麻生政権の衰退は自民党の衰退とピッタリ重なる。衰退の原因は自民党らしさを失ったことである。同党の党是である憲法改正は、平たくいえば、自国と自国民の安全と安寧を、自力で守る力を備えるということだ。
党の再生、麻生政権の生き残りは、こうした自民党らしさをいかに取り戻すかにかかっている。いま、最も切実に問われているのは、国民の前に本来の価値観を取り戻す決意をいかに示すか、その決意を信じてもらえるいかなる手を打つかである。
文字どおりの崖(がけ)っぷちにもかかわらず、首相が問題視する事柄の、なんと皮相なことか。郵政民営化にどの時点で賛成に転じたか、そのことに関して濡(ぬ)れ衣(ぎぬ)だと訴えている余裕など、ないであろう。首相の最大の問題は、己も党も日本全体も、その置かれている状況がいかに深刻かを読みとれないでいることだ。
明らかに首相には歴史観が欠けている。個人、党、そして日本の歴史。首相の言葉にあらゆる歴史観の欠如を感じるのだ。

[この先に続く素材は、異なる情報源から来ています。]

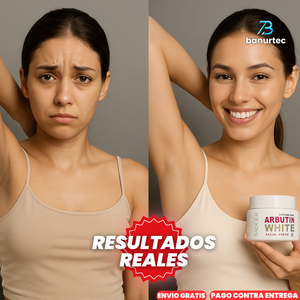 Oferta Especial: ArbutinWhite™  Crema Blanqueadora De Nicotinamida y Arbutina
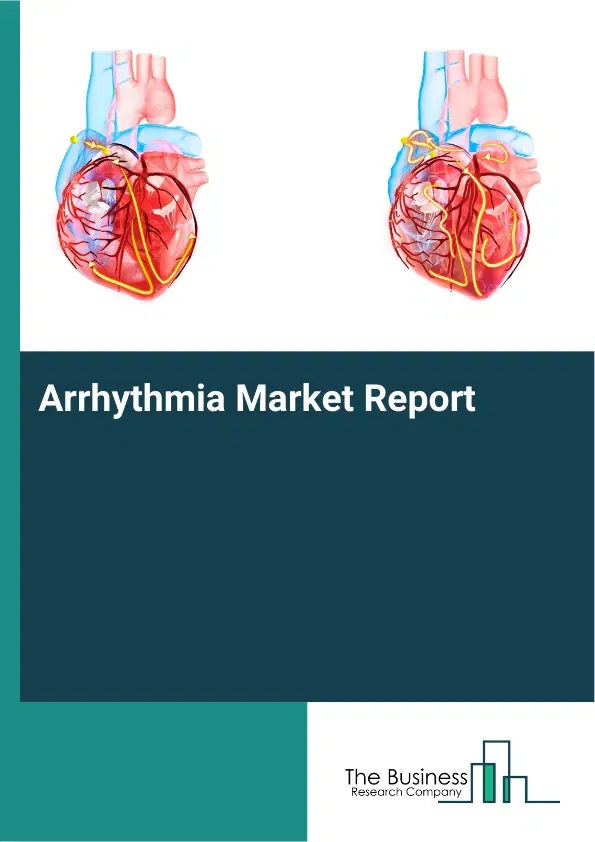 Arrhythmia Market Report 2026 Arrhythmia Market Report 2026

これまでにも、当欄で問うてきた。首相はなんのために政治家に、そして、首相になったのか、と。また、首相就任が決定した瞬間に、祖父、吉田茂に言及したのは、いかなる理由だったのか、と。首相を支持してきた人々、自民党を支持してきた有権者のためにも、首相自身がいま一度、自らの責任と使命について考えるべきだ。